Perché questa citazione e perché parlo di trasformismo? Perché non so inquadrare in un altro contesto quanto è avvenuto nel PD negli ultimi anni. E lo dico non per vuota teoria o polemica, ma perché nella mia critica all’ANPI locale per l’invito alla sen. Fedeli a commemorare Teresa Noce, ho visto un atto d’indulgenza verso il trasformismo, cui è nuovamente soggetto il Paese sotto Renzi.
Anzitutto, dopo essersi presentato alle elezioni col fine dichiarato di far fuori Berlusconi e il berlusconismo, il PD invece ha fatto fuori il proprio segretario e ha cooptato nella maggioranza una parte dell’opposizione di destra per esigenze tipicamente utilitaristiche (Alfano, Lupi & C.). E ciò che è peggio ha coinvolto lo stesso Caimano nell’elezione del capo dello Stato, quando erano in campo due nomi d’indiscutibile profilo politico e morale come Rodotà o come Prodi. Nomi sui quali con un po’ di pazienza si poteva formare una maggioranza (Pertini fu eletto al 16° scrutinio dopo 10 giorni di votazioni!). Poi, con un golpe bianco, fu messo in sella con scelta extraparlamentare  Renzi, e, sempre per via extraparlamentare, è stato stipulato il patto del Nazareno, e non su questioni secondarie, no, nientemeno che per demolire la Costituzione; opera, questa, alla quale Berlusconi si era già applicato col progetto sventato dal referendum del giugno 2006.
Orbene, un disegno di eguale ispirazione è stato approntato oggi da Renzi d’intesa con B. e una parte di coloro che sfilarono con noi nelle piazze e nei dibattiti nel 2006 sono ora schierati nel PD per lo sbrego della Carta. E lo fanno non solo affondando la lama nel corpo vivo della Costituzione, ma anche con le leggi che ne sono diretta applicazione: lo Statuto del lavoratori, la legge elettorale e la scuola pubblica.

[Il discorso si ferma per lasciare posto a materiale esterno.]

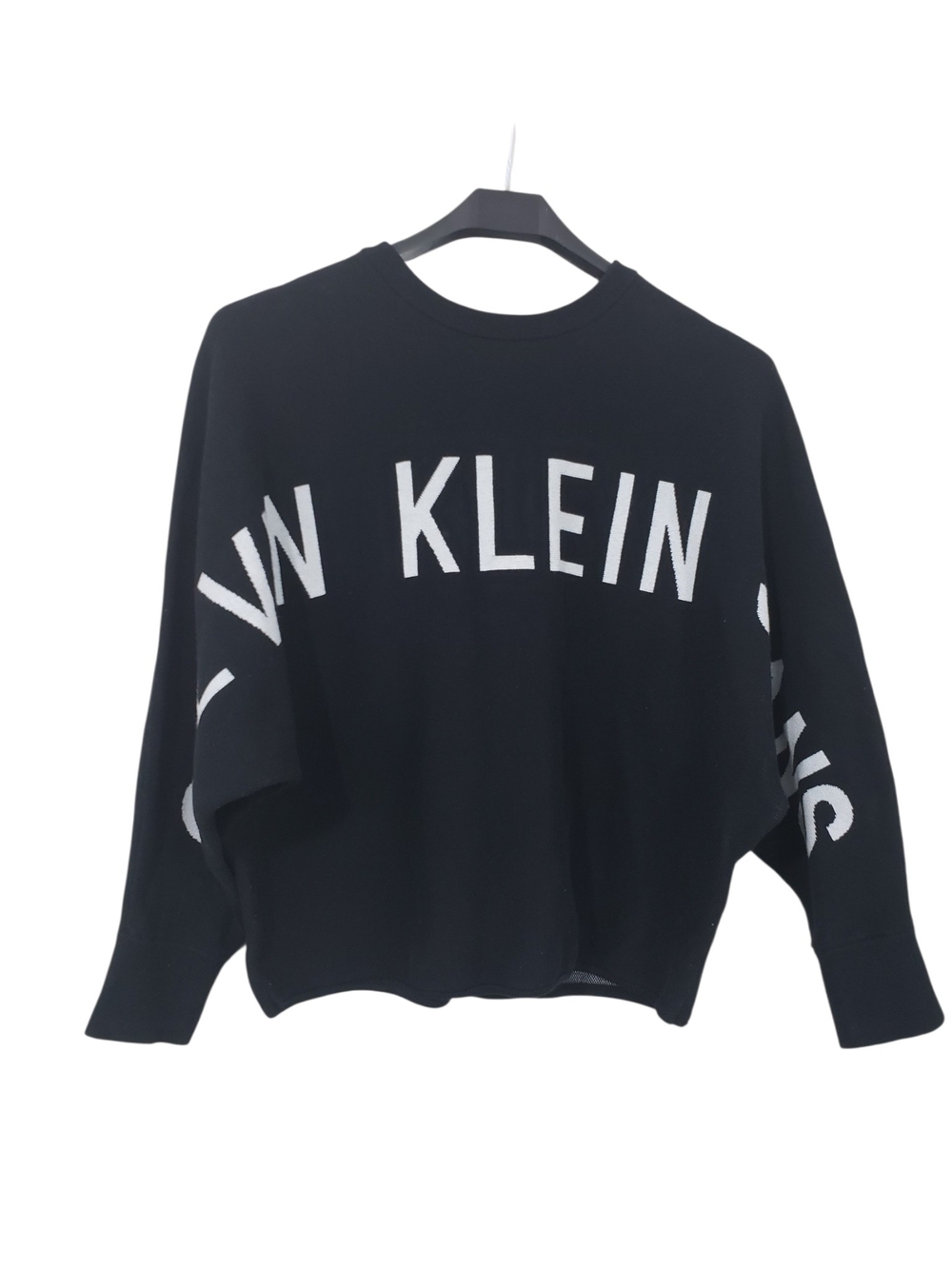 5/$50.  Calvin Klein Jeans Black Sweater with White Logo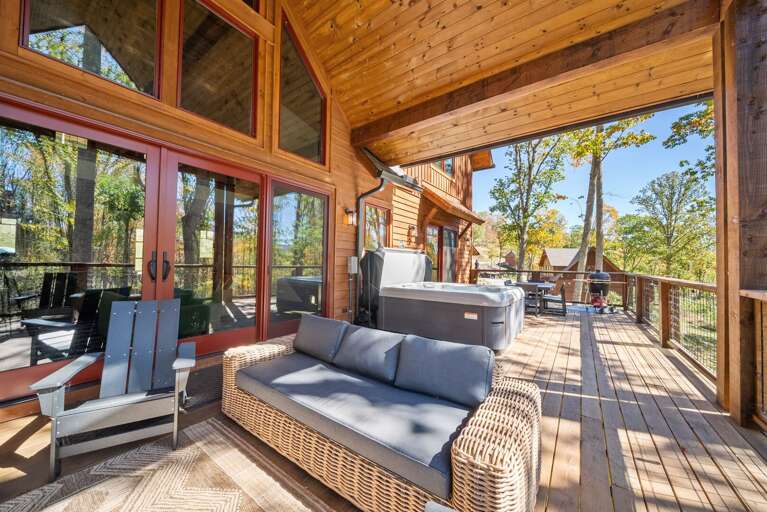 Wooden Deck With Seating Under Sunny Skies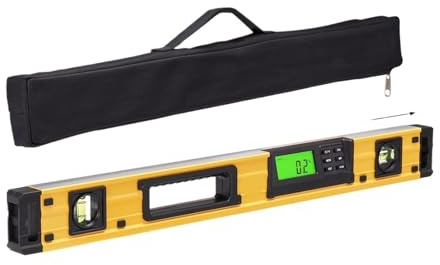 Nivel magnético de 600 mm con pantalla retroiluminada LED, regla mecánica de burbujas for nivelador con sensor de 0 a 360 grados.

La senatrice invitata dall’ANPI locale a ricordare una delle figure più fulgide della Resistenza e della costruzione della Repubblica democratica, Teresa Noce, “Estella”, è una delle espressioni di questo trasformismo, che per di più, rispetto a De Pretis, va in direzione opposta. Il buon Agostino invitava quelli della destra storica a passare fra le fila dei “progressisti”, mentre Renzi passa lui armi, bagagli e gregari nello schieramento opposto. Se vogliamo è un fenomeno peggiore del trasformismo di fine Ottocento anche sul piano dei contenuti: allora le convergenze avvenivano su problemi circoscritti, oggi, almeno col Nazareno, col Jobs Act, la legge elettorale e il Senato sono frutto di convergenze su questioni che minano alla base l’ordinamento costituzionale del ‘48.
Si può negare che queste azioni siano dettate dal solo scopo di mantenere il potere o di rafforzare quello del segretario-premier? Si può far tutto questo, scansando il confronto parlamentare e ricorrerendo a compromessi, clientelismi e sotterfugi politici? Si può far questo in aperto contrasto con la campagna elettorale del 2013?  Si può mandare alle ortiche l’impostazione di fondo della sinistra italiana sempre schierata fino ad allora nella difesa della Carta, degli spazi democratici e dei diritti sociali? Si può negare che tutto questo concorre allo scadimento del dibattito politico? Si può seriamente contestare che questa prassi nega in radice una vera alternanza di governo, che è anzitutto alternativa di programmi? Si può non cogliere in questo atteggiamento un allontanamento del sistema politico dall’interesse collettivo? Un perdere di vista le esigenze della parte più debole del Paese in favore di quelle forti? E, in ultimo ma non per importanza, come non vedere l’accentuarsi nel PD della questione morale che è espressione del venir meno dell’onestà intellettuale nei trasformisti?
Ecco perché in questa fase le associazioni, come l’ANPI, che puntano ad una rigenerazione anzitutto morale del Paese, ispirandosi al grande moto della Resistenza, non possono essere superficiali nella scelta degli invitati alle proprie iniziative. I traformisti stiano nei talk show in cui imperversano, manovrino nell’oscurità delle loro trame interne, ma, per favore, non siamo noi a chiamarli a creare scompiglio e confusione. Noi, che con fatica cerchiamo di fare controinformazione coi nostri dibattiti e tentiamo di incoraggiare a mantenere la schiena dritta  in un’Italia che affonda nel malaffare e nella malapolitica.